Canberrans could be excused for not being aware of the resignation of a public servant in the NSW Government. However, the resignation of David Chandler, the NSW Building Commissioner, is a significant event which will highlight how much the Commissioner has achieved in a short period of time to make a lasting improvement to building quality in NSW.
David Chandler was the NSW’s first Building Commissioner. Last month he announced his resignation after three years in the role. Chandler has significant experience in the construction industry, including time working in Canberra as the Construction Director on the New Parliament House.
Chandler was appointed as Building Commissioner following a number of high-profile construction failures, including the Opal Tower and Mascot Towers. Using the 2018 Building Confidence Report as a guide, Chandler had a simple philosophy of holding all building practitioners involved in the design and construction process to account. This philosophy was cemented in the two critical pieces of legislation implemented during Chandler’s time – the Design and Building Practitioners Act 2020 and the Residential Apartment Buildings (Compliance and Enforcement Powers) Act 2020.

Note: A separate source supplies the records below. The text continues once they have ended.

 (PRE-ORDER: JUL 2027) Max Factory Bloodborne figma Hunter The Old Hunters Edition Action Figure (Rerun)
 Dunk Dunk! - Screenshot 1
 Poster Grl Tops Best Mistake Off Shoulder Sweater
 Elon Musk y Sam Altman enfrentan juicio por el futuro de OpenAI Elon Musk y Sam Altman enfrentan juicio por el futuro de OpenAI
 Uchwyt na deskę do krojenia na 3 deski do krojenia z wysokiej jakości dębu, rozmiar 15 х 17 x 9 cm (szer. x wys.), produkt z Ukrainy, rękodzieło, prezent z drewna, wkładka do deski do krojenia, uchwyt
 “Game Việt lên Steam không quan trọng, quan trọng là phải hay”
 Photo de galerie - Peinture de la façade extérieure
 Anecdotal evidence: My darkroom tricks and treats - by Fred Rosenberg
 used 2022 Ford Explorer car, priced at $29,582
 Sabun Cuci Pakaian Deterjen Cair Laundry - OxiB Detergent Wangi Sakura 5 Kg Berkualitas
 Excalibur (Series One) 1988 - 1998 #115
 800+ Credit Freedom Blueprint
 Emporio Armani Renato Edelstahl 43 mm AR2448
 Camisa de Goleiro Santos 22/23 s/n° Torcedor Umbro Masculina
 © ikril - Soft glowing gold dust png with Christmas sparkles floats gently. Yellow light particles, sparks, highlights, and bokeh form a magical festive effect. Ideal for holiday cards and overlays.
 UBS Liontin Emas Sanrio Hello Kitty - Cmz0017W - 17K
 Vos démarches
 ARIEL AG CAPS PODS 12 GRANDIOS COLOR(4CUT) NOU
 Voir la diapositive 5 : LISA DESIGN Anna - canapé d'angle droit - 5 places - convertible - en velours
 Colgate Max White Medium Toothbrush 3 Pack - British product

Chandler implemented reforms which gave new powers to inspect building sites, order rectification of serious defects and recovery of linked costs, and tightened requirements for designers, engineers and builders working. Many of the reforms focused on new residential unit and apartment buildings. The next area to be subject to his focus is a scheme to replace flammable cladding on residential apartment buildings.
The progress of building quality reform in the ACT since the release of the same 2018 Building Confident Report stands in stark contrast.
The ACT has had three building ministers responsible since 2018, all who have made many announcements about promised building reforms. To date, little has been implemented, let alone delivered.
A registration scheme for engineers was recommended in 2012 but is still incomplete. Licensing of trade contracts such as carpenters or water proofers does not exist in the ACT, like in many other jurisdictions. Enforcement of building rules in the ACT is limited by the scarce funding given to the Access Canberra team responsible for the job.
A Building Commissioner was floated by the Canberra Liberals during the 2020 ACT election, however had little support for ACT Labour or Greens.
The Master Builders Association of the ACT believes building quality is a significant issue. We support sensible reforms and accountability measures for an industry which acknowledges there are building quality issues to be addressed. We continue to look forward to working cooperatively with the ACT Government to implement building reforms similar to that undertaken in NSW.